Resistance to moisture – why are there differences?

Nobody wants moisture on a building site, but regrettably the reality often very different! Adhesive tapes have to be able to reliably withstand the challenges of moisture after they are installed. The first protective layer is the backing material that is used. A film is clearly more resistant to water than paper. However, moisture does not always come only from the outside, but often from the
subsurface too. In this case, the advantage of the external protective effect of the film is reversed, as the moisture cannot escape through the film and builds up instead between the adhesive and the film. As already described, acrylate dispersion adhesives contain emulsifiers in their adhesive film after production. A characteristic of emulsifiers is that they store water, and they are still capable of doing this years later. If an acrylate dispersion adhesive comes into contact with water again, the adhesive emulsifiers, often assumes a white colouring and can lose adhesive strength. Pure acrylates are fully water-resistant, as they do not react with water in this way, their adhesive strength is preserved.

 

Adhesive tape after storage in water for 24 hours: Top: a conventional acrylate dispersion adhesive tape, reemulsified with water; the adhesive has lost its strength. Bottom: pure acrylate on a solid basis is absolutely water-resistant.

 

See yee, who join in endless union – Durability: experience and laboratory tests

Reference is often made to the positive experience observed over the last 20 years with regard to the durability of adhesive tapes. When we plan and build a house nowadays, clients expect the built structures and the materials used to have a service life of 50 years or longer. As a result, it is even more important when selecting adhesive tapes to take into account long experience in the marketplace alongside ageing tests that confirm high durability of bonding agents.

 

 

Consistent rules: standards for bonding agents create a basis for comparison

Presently, adhesive tapes are not regulated by standards in Australia and New Zealand and there are no uniform minimum requirements that have to be fulfilled by products. However the recently published DIN 4108-11 2018 specifies minimum requirements for adhesives and tapes in Germany. This standard contains various tensile strength tests on standardised subsurface such as wood and membranes, as well as the possibility of having systems (membranes and adhesive tape) tested by manufacturers. Many of the requirements demanded from adhesive tapes described above are formulated in this standard. For example, the tapes are pressed into place in a defined manner before conducting a pull-off test, and the test is carried out with a low pull-off speed so as to simulate the long-acting, low tensile stresses that occur in real applications in this test. Ageing also forms part of the scope of the standard. The standard forms a good basis for comparing adhesive tapes with one another and can help installers and project planners to make informed decisions globally.

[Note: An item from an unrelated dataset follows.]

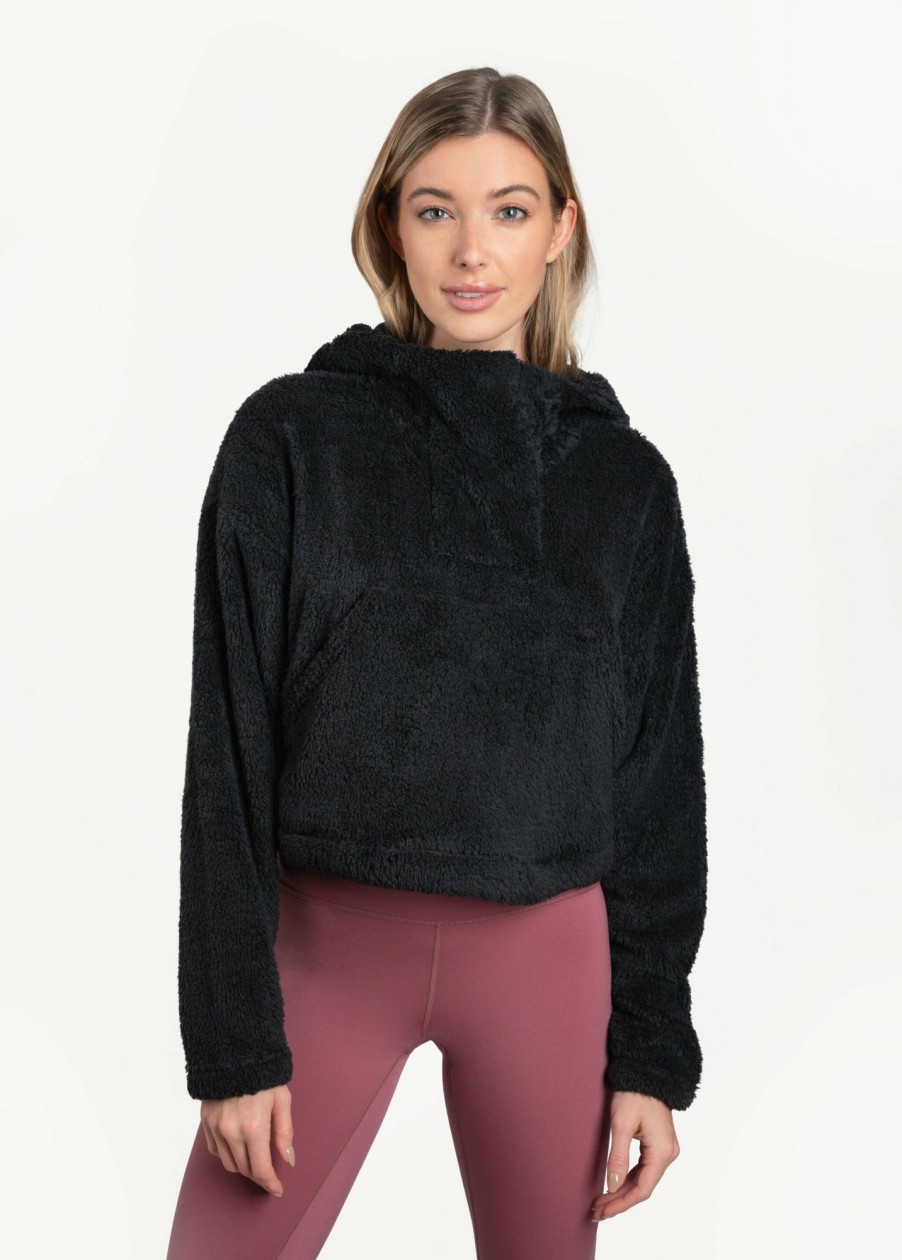 WOMEN Lole Hoodies & Sweaters | Yanali Fleece Cropped Hoodie - Black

Cohesion adhesion test with 47 adhesive tapes: 40 adhesive tapes failed within two years in a longterm test with low loading.

 

Summary: permanent adhesive joints are only possible with good systems and the right handling

Permanent adhesive joints on construction projects are feasible and can achieve reliable performance; nonetheless, damage to structures often occurs when joints become detached. Knowledge about the fundamentals of adhesion technology and about the loads that will actually be acting in practice is crucial in order to be able to carry out reliable project planning and testing too. An optimal end result can only be achieved with good handling, a high-quality subsurface and a suitable adhesive tape. All three of these criteria should be carefully considered by the specifier and the energy consultant on site.

 

DIN 4108-11 specifies laboratory tests that have to be carried out for all adhesive tapes. This creates consistent quality standards and provide a basis for users to compare products Soft adhesives perform better in the ‘finger adhesion’ test, as they are better able to wet then surface of the thumb. This can lead to problems in practical construction applications, as soft adhesives generally have low cohesion forces.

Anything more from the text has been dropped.